“Prohibido prohibir”
“La libertad comienza por una prohibición”. Uno de los lemas más conocidos del centro toral de lo que fue la gran revolución juvenil del Siglo XX. En Francia, Alemania y Estados Unidos germinó, con una fuerza avasallante, esta rebelión de jóvenes hastiados de la falta de libertad, de Derechos, de Garantías.
Su ejemplo proliferó en otras naciones y en México, ese año de 1968, culminó con la matanza del 2 de Octubre. A la cabeza de los estudiantes, tanto en el Continente Europeo, como en el Americano, grandes filósofos, maestros, escritores y una gran parte de la intelectualidad dispuesta a que, los distintos gobiernos reconocieran que había llegado la hora de dar paso al pensamiento vivo, crítico.
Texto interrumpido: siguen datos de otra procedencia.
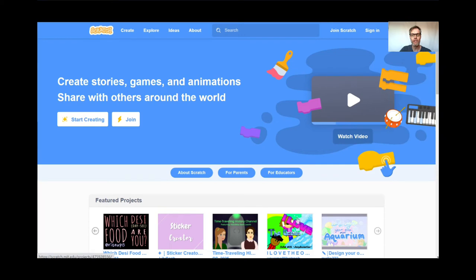Hi everyone, and welcome to lesson number 11, Learning to Code, the video games edition. Today we're going to be learning a game that I call Alien Invasion. It's lots of fun.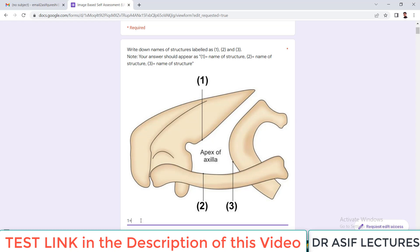For example, this diagram is representing the apex of the axilla. Number 1 is the superior border of the scapula, so you write down 'superior border of axilla' as number 1. Number 2 is the inner border of the clavicle, so that is structure number 2. Number 3 — what do you think is number 3? This is the first rib, and this is the outer border of the first rib, so you simply write down 'outer border of first rib.'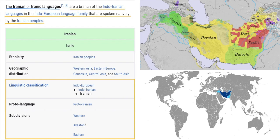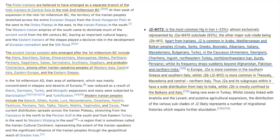The Proto-Iranians are believed to have emerged as a separate branch of the Indo-Iranians in Central Asia in the mid-2nd millennium BC. Ancient Iranian peoples who emerged after the 1st millennium BC included the Alans, Medes, Parthians, Persians, Sakas, Scythians, and probably Cimmerians, among other Indo-Iranian speaking peoples of Western Asia, Central Asia, Eastern Europe, and the Eastern Steppe. Modern Iranian peoples include the Baloch, Kurds, Lors, Persians, and various other groups.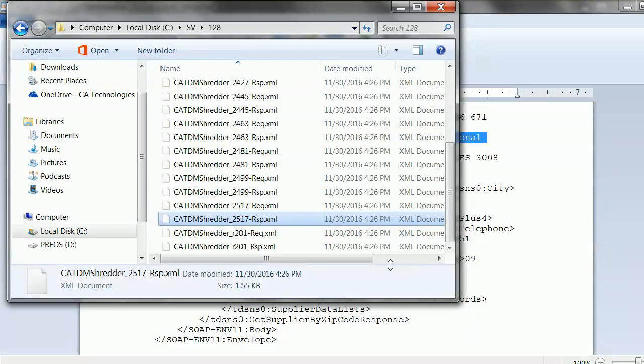This video helped you understand how a test data engineer successfully generated and injected XML RR pairs into a simulated virtual service.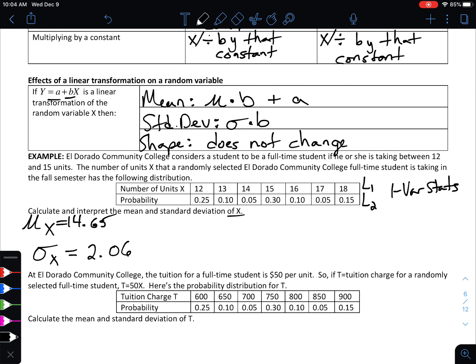Interpreting the mean: in a long series of repetitions or repeated sampling, we would expect the average number of units being taken by a randomly selected student to be about 14.65, so roughly 15 units. For the standard deviation, on average the results would vary by about 2.06 hours from the mean.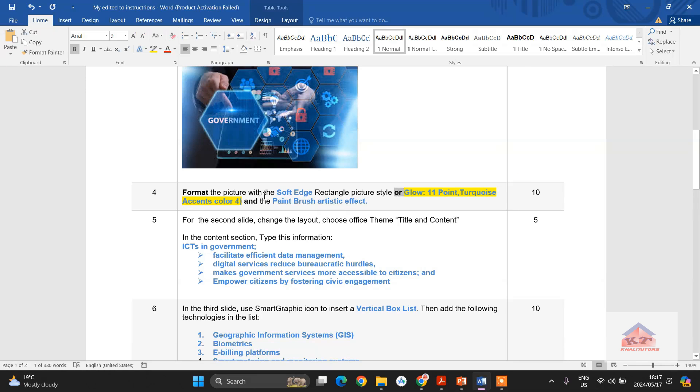So if your choice is to go with the soft edge rectangular picture style, there are some challenges. Let me illustrate this to you. Let's go back to our working document.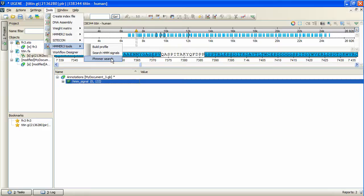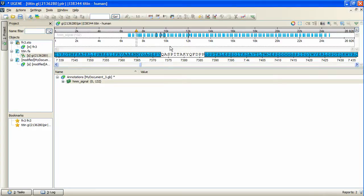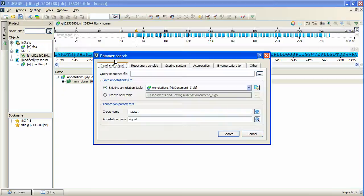The tool is called phmmer. The sequence to search in must be selected in the project view, or opened as a view. To invoke the tool, activate Tools, HMMER3 Tools, phmmer Search menu item.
Años previos en los que, cualquier intento por cambiar el estado de cosas se pagaba con sanciones brutales. Tiempos en los que se aniquilaba, mediante la represión, la posibilidad de expresarse. A pesar del reconocimiento a figuras como Sartre, Marcuse, Adorno, entre tantos otros, el Estado rechazaba la vía democrática por la que daban la batalla.
Años de silencio, de prensa amordazada, de clandestinaje para reunirse con los iguales, de reuniones en las que predominaba el susurro. Hasta que reventó y se tomaron las calles, exigiendo se les escuchara.
A cincuenta años de la muerte, de un todavía incierto número de estudiantes, los líderes todavía vivos pintan canas y, a pesar de que la rebelión supuso un parteaguas, muchas de las revindicaciones, a las que se aspiraban, siguen sin cumplirse.
Sobre lo sucedido se ha escrito hasta el agotamiento. Versiones fidedignas se encuentran con otras fantasiosas, cuando no de plano falsas. Entre tantos textos, quienes intentan aproximarse a la verdad pueden hacerlo. Quedan voces autorizadas para develar el origen y las causas que culminaron en la masacre de Tlaltelolco.
Los “sobrevivientes” identificables –la mayoría pasa de los 65 años-, llegan a esta fecha en plan de aquelarre: ni se ponen de acuerdo ni algunos comparten las visiones de otros.
Un tercer sector es el de ciertos políticos, que “aspiran a subirse al carro de la gloria”, cuando en aquel entonces eran diligentes miembros del Revolucionario Institucional y aplaudían las órdenes de un Gustavo Díaz Ordaz y un Luis Echeverría. Ahora se envuelven en una bandera, que no les corresponde y fingen haber sido parte de lo que, a la larga logró cuando menos, acercarnos a una cierta democracia.
Miles y miles participamos, desde nuestra trinchera tipo hormiga, en aquellas enormes masas movilizadas. Queríamos algo distinto, resumible en el concepto de libertad contra una época rígida, sin posibilidades de externar una línea de pensamiento, una creencia; un deseo de romper muros que aprisionaban.
Había miedo: ver el despliegue militar y saber que te jugabas el pellejo; sentir la furia de los “halcones” arremetiendo contra lo que se encontraban a su paso. Se superaba con cánticos, charlas entre amigos y la esperanza de que las autoridades se doblarían.
A la muerte de tantos y el encarcelamiento y exilio de muchos más, anidó la rabia y el resentimiento contra el mal gobierno y sus brazos ejecutores. Quedó la semilla que todavía tardó en dar frutos, pero, a medio siglo son palpables y confirman que ningún sufrimiento fue en vano. Lo importante es seguir adelante, sin conformismos ni ataduras, en plena lucha por los Derechos Humanos, por un Estado de Derecho y por la libertad.